(Recorded information)
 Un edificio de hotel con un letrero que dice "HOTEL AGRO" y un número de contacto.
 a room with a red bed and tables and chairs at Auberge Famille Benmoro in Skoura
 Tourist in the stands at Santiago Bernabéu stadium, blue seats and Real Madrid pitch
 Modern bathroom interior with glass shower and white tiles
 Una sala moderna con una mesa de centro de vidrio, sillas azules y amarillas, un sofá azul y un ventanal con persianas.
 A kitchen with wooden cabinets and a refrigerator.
==
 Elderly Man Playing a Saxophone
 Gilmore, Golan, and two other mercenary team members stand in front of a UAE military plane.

(Problem to solve)
Once the line with "Elderly Man Playing a Saxophone" is found in the records above, print exactly that line and every line after it through the line with "Gilmore, Golan, and".

(Written solution)
 Elderly Man Playing a Saxophone
 Gilmore, Golan, and two other mercenary team members stand in front of a UAE military plane.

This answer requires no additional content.